Like some other Brazilian companies, Grendene's exports were affected last year by the appreciation of the Brazilian real and difficult economic conditions in the mature markets. Its exports declined by 22.2 percent in volume to 42.5 million pairs, but their average price went up by 21.9 percent in U.S. dollars to $5.01 per pair.

As a result, the company's exports declined in value by only 9.6 percent in reais and by 5.0 percent in dollars, down to a level of $213.0 million for the year. In terms of volume, Grendene's share of Brazil's total footwear exports increased to 16.4 percent in 2011 from 15.1 percent the year before.

In the domestic market, the company's gross revenues fell by 7.1 percent to 1,489 million reais (€617.7m-$818.0m). The management blamed the softening of the Brazilian economy, which began to affect Grendene last March.

The group's total gross revenues thus declined by 7.6 percent to R$1,846.7 million (€766.1m-$1,014.5m), but the gross margin improved by 2.7 percentage points to 43.3 percent. The operating margin fell slightly by 0.7 percent to 12.5 percent, and it would have improved without an increase in advertising and marketing expenses and without the default of a big unnamed customer.

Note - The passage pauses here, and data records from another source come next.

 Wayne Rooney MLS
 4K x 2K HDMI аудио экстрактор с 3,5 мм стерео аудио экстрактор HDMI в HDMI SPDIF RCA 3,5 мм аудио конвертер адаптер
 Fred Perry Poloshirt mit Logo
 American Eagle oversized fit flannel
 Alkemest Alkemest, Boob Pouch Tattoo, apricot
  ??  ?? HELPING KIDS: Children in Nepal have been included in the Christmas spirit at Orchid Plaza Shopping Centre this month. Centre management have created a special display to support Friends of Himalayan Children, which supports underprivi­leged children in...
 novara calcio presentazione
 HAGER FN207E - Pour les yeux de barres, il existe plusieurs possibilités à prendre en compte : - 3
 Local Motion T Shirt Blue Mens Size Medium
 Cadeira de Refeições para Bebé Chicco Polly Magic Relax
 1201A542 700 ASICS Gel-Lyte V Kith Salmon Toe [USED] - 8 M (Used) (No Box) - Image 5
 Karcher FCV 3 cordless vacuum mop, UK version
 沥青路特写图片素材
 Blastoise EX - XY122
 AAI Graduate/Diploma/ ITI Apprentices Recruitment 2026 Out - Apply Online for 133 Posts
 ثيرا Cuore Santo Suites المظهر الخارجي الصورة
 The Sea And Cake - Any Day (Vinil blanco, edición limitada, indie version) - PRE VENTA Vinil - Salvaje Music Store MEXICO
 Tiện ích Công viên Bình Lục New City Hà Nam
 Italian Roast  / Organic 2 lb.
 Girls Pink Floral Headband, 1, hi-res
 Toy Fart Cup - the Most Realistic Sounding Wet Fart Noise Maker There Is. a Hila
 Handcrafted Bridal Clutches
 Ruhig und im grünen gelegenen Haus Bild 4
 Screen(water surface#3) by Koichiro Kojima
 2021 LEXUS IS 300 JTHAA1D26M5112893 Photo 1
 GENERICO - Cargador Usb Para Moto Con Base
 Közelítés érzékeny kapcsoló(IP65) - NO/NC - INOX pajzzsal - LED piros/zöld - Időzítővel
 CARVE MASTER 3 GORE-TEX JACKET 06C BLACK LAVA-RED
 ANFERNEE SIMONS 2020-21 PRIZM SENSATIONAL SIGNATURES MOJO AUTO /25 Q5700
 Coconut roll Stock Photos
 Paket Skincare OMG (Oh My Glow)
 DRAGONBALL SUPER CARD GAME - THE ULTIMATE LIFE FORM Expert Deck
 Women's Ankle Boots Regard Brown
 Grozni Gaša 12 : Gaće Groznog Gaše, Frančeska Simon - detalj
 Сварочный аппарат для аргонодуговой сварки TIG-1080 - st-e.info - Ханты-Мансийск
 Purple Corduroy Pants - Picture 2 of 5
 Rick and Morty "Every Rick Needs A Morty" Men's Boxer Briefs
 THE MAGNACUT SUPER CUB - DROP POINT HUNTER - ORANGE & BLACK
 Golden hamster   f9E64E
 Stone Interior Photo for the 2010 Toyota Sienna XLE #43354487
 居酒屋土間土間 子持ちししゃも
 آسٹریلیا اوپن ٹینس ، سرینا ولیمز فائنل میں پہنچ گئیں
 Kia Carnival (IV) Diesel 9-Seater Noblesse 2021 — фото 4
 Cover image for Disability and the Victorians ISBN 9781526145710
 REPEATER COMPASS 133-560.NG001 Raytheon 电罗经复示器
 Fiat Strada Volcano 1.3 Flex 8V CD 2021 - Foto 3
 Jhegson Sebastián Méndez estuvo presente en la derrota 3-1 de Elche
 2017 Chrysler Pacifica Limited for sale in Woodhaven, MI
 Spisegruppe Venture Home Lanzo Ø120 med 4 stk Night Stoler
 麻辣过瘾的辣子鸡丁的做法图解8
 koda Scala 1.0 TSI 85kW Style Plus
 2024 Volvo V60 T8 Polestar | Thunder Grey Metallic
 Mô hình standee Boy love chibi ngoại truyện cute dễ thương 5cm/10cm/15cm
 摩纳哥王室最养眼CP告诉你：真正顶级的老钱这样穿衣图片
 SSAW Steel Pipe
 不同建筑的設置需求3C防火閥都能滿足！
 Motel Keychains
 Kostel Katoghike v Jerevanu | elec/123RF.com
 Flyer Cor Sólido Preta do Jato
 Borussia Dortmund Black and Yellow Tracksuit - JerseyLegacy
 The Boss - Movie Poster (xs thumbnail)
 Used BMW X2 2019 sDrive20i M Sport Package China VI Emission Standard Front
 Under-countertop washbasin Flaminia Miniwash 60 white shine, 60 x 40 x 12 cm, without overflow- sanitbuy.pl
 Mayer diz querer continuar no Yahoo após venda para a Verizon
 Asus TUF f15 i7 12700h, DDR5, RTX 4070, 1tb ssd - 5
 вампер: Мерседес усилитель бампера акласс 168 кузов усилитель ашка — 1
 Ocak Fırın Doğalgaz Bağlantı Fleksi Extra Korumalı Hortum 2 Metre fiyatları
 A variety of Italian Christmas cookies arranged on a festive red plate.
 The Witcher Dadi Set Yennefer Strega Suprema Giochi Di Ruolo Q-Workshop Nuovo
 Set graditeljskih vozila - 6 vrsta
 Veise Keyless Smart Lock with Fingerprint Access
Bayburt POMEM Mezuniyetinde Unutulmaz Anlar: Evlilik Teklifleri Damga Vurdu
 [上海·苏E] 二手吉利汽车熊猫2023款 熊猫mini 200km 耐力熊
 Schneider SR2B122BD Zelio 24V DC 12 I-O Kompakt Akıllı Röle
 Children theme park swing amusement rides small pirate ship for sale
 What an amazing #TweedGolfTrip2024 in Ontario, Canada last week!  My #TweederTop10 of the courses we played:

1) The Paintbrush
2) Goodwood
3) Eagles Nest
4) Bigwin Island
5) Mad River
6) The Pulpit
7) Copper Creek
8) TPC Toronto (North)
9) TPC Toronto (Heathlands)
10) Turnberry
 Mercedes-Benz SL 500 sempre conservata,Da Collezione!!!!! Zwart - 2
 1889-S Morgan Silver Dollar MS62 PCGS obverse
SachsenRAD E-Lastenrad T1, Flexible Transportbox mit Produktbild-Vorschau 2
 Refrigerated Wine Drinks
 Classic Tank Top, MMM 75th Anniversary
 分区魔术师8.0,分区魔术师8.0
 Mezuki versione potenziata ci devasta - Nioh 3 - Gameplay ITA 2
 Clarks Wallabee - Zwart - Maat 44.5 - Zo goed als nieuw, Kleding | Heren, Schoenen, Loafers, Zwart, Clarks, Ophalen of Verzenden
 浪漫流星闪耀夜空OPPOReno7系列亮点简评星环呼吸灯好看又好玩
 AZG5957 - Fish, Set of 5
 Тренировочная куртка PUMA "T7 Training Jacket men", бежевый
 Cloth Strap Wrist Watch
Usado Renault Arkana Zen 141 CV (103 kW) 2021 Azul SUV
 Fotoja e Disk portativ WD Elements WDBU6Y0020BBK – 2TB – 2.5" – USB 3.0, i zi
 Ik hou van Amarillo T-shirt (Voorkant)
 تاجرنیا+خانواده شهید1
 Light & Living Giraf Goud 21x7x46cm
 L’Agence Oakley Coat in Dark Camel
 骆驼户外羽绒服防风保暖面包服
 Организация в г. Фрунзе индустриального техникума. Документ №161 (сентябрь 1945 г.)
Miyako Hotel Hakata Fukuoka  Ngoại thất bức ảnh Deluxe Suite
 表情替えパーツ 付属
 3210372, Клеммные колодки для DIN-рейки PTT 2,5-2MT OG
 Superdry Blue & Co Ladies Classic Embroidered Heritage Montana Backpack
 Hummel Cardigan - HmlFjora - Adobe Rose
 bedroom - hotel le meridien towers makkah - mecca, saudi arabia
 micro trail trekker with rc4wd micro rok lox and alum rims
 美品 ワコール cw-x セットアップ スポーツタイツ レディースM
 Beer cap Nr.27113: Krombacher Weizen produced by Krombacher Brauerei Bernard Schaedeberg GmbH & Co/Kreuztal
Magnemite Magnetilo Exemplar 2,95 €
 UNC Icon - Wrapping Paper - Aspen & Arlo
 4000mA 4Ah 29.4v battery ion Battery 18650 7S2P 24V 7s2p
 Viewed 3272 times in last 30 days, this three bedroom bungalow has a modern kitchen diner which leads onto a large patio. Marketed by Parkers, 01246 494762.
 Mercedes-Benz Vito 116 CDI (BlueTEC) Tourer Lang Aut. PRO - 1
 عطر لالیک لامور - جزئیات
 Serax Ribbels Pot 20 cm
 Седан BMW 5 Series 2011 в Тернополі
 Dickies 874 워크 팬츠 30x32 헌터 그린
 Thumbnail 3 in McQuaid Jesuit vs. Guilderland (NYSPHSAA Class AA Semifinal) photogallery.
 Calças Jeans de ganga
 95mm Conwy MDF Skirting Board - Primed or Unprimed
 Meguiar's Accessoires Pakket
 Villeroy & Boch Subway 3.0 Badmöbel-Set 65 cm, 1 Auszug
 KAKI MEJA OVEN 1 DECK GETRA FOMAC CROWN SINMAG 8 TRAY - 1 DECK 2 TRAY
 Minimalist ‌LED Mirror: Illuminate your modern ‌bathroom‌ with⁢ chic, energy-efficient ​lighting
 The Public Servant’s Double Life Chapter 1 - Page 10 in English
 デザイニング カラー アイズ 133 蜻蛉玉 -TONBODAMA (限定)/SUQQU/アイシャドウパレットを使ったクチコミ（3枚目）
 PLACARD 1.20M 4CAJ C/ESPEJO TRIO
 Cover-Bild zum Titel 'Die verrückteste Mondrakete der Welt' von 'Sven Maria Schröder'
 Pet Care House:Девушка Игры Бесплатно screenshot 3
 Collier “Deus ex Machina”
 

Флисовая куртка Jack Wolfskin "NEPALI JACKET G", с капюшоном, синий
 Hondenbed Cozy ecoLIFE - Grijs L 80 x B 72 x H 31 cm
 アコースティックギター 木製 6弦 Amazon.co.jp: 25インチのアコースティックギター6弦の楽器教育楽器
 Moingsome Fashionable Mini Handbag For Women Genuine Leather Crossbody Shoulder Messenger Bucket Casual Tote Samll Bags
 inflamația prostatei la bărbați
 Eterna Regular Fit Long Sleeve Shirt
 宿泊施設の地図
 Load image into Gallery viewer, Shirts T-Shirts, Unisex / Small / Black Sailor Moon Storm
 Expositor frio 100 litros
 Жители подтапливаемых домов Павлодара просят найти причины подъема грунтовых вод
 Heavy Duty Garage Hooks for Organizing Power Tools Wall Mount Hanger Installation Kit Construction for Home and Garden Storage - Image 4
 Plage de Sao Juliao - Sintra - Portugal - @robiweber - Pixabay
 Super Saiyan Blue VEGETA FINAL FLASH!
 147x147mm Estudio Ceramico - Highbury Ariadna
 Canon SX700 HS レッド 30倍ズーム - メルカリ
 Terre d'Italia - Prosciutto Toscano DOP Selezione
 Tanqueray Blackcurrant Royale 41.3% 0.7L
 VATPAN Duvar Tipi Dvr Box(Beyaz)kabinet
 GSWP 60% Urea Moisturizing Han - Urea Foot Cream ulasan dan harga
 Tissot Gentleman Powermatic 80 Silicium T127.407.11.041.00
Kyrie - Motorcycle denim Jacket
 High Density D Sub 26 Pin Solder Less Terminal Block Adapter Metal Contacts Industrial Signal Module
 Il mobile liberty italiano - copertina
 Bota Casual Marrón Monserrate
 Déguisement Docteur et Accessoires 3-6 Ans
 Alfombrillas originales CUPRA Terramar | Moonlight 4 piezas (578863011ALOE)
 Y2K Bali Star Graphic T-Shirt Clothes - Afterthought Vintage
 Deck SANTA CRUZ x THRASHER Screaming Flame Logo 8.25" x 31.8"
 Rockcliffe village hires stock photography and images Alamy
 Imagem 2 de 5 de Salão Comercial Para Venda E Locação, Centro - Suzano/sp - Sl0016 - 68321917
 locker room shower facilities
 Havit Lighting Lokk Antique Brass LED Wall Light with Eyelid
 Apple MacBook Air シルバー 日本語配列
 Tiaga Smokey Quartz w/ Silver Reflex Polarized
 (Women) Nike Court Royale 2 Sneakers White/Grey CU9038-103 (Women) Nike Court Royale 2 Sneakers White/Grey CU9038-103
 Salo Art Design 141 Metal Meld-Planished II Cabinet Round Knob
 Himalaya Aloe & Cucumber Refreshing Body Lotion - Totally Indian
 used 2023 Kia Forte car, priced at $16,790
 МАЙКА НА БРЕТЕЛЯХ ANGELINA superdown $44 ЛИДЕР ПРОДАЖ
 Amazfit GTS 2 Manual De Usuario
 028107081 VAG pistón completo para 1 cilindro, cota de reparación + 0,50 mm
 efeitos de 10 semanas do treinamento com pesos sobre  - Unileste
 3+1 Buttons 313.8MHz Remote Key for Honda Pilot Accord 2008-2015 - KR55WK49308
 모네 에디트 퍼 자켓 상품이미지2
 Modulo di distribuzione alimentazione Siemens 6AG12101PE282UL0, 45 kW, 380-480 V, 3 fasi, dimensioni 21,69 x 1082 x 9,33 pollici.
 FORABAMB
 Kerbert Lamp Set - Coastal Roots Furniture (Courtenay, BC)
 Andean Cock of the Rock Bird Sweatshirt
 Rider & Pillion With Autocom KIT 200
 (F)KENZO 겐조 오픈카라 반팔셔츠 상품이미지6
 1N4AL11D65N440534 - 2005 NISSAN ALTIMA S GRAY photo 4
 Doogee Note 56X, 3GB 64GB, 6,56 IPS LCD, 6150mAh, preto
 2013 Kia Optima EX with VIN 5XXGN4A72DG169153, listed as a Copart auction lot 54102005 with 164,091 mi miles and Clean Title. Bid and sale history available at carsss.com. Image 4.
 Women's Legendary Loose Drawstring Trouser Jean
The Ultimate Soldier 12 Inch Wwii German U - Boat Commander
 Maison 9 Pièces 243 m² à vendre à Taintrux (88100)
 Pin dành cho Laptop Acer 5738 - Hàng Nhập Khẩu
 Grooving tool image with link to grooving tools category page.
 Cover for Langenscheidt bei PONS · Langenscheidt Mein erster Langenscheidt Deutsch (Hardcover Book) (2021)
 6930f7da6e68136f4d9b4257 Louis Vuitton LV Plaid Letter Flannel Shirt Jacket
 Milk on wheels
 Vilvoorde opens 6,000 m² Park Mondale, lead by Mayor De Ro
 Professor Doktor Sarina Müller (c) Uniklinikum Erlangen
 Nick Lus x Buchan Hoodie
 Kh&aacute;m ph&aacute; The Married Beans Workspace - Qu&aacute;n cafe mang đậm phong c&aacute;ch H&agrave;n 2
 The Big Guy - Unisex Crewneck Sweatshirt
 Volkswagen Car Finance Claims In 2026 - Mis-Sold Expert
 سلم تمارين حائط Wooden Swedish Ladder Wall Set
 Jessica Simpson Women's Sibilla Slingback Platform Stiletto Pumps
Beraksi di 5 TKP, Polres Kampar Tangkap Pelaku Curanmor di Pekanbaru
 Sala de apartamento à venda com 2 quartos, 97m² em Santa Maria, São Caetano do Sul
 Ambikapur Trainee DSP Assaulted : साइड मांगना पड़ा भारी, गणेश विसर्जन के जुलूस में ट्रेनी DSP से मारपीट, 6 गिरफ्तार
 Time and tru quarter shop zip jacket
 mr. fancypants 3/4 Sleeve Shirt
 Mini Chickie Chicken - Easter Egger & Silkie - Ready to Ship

Higher financial income and other factors allowed the company to post a net profit of R$305.4 million (€126.7m-$167.8m) for the year. It was only 2.2 percent lower than the record level achieved in 2010, but as a percentage of sales, the net income margin improved by 1.1 percentage points to the higher level of 20.6 percent.

The management says it will continue to increase its communication efforts, strengthening its brands with aggressive marketing through multiple media, in order to recover market shares. It wants to strengthen relations with clients to meet their needs in a more focused manner.